DATA EXTRACT:
========================
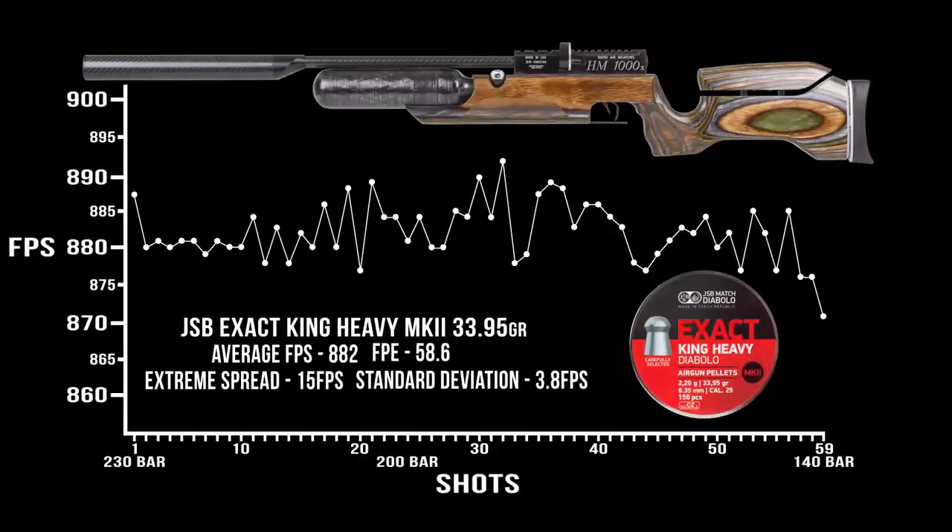With the JSB King Heavy Mark IIs that shot the best for us at 93 yards, we're seeing about 880 fps average, which calculates out to about 58 foot-pounds — pretty close to that 60 foot-pound rating and 900 fps mark they say the gun should be getting. The regulator's doing its job: 15 fps extreme spread over 56 shots from 230 bar down to about 145 bar is pretty good, and a 3.8 fps standard deviation confirms the reg is working well. You do have that hammer spring tension adjustment in the back, so if you want to play with velocity you can — just know it's going to impact your shot count.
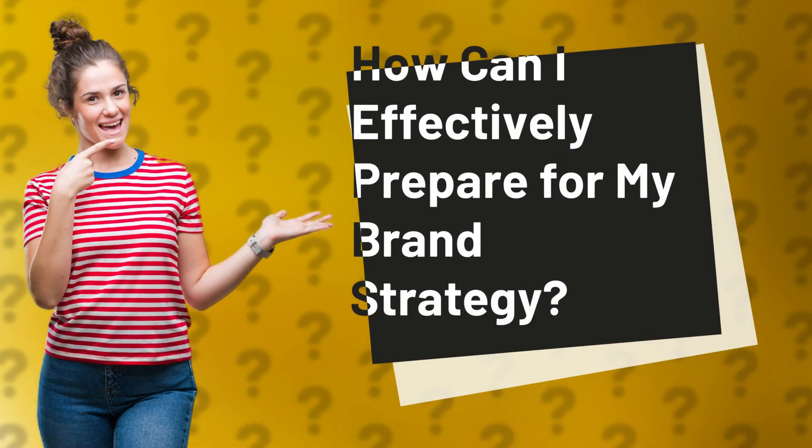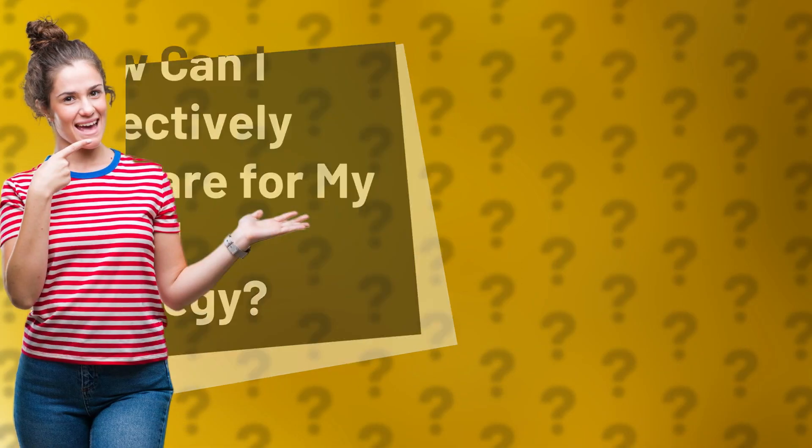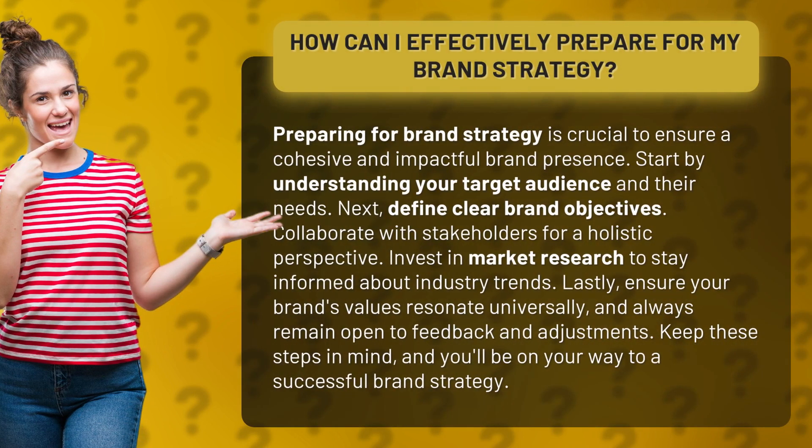How can I effectively prepare for my brand strategy? Preparing for brand strategy is crucial to ensure a cohesive and impactful brand presence.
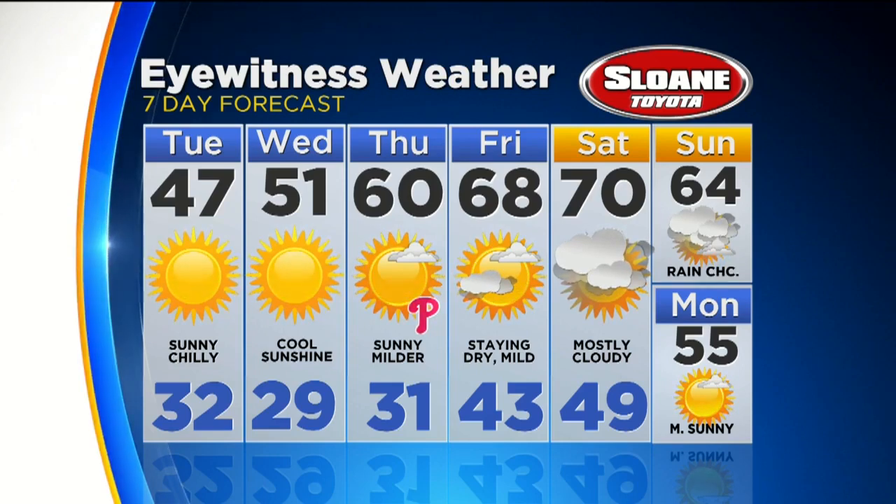Sunshine into Wednesday, 51 degrees. The Phillies home opener is going to be a big day and it's a beauty — 60 degrees and sunshine. Then we're at 70 degrees by the start of next weekend.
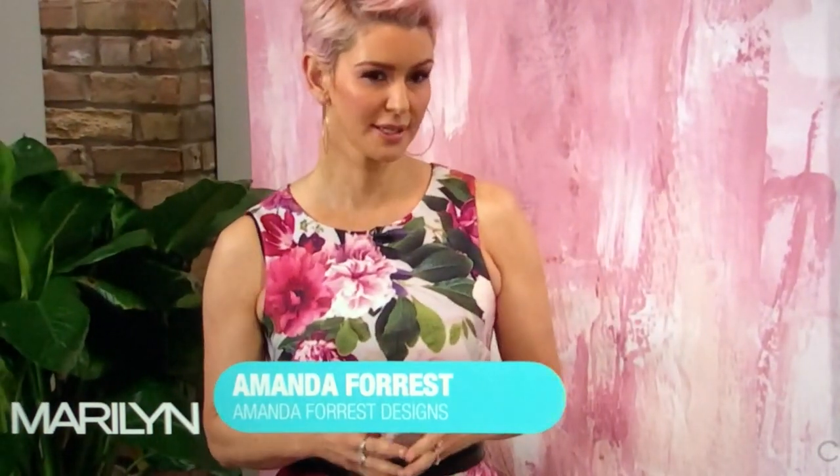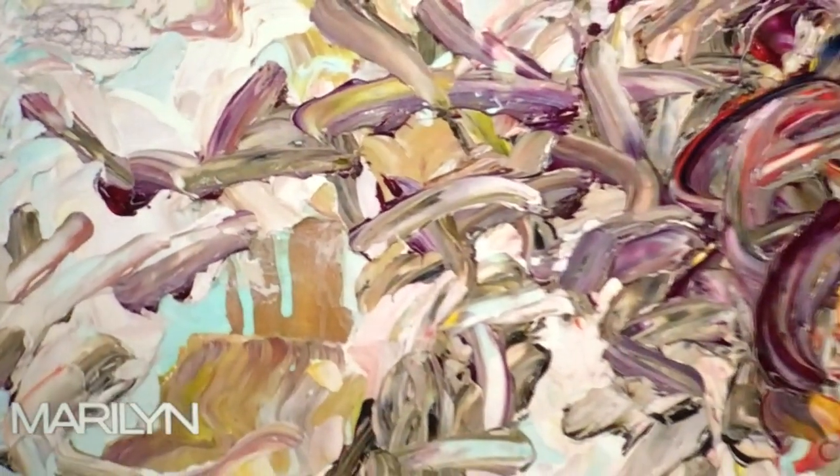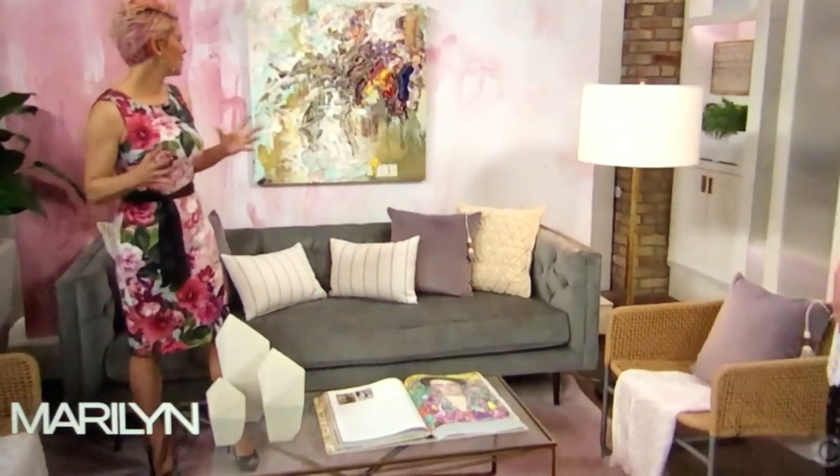Well, thank you. I used this incredible piece of art — this is from Canvas Gallery here in Toronto. They have so many wonderful artists that it's hard to choose a piece. But art, wallpaper, a beautiful plate, a sweater, a pillow — something that has multiple colors in it is the easiest way to start your color scheme.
========================
TASK STATEMENT: The data needs to be reproduced exactly, please, apart from its pictures.

RESULT OF THIS TASK:
With the JSB King Heavy Mark IIs that shot the best for us at 93 yards, we're seeing about 880 fps average, which calculates out to about 58 foot-pounds — pretty close to that 60 foot-pound rating and 900 fps mark they say the gun should be getting. The regulator's doing its job: 15 fps extreme spread over 56 shots from 230 bar down to about 145 bar is pretty good, and a 3.8 fps standard deviation confirms the reg is working well. You do have that hammer spring tension adjustment in the back, so if you want to play with velocity you can — just know it's going to impact your shot count.
How can I effectively prepare for my brand strategy? Preparing for brand strategy is crucial to ensure a cohesive and impactful brand presence.
Sunshine into Wednesday, 51 degrees. The Phillies home opener is going to be a big day and it's a beauty — 60 degrees and sunshine. Then we're at 70 degrees by the start of next weekend.
Well, thank you. I used this incredible piece of art — this is from Canvas Gallery here in Toronto. They have so many wonderful artists that it's hard to choose a piece. But art, wallpaper, a beautiful plate, a sweater, a pillow — something that has multiple colors in it is the easiest way to start your color scheme.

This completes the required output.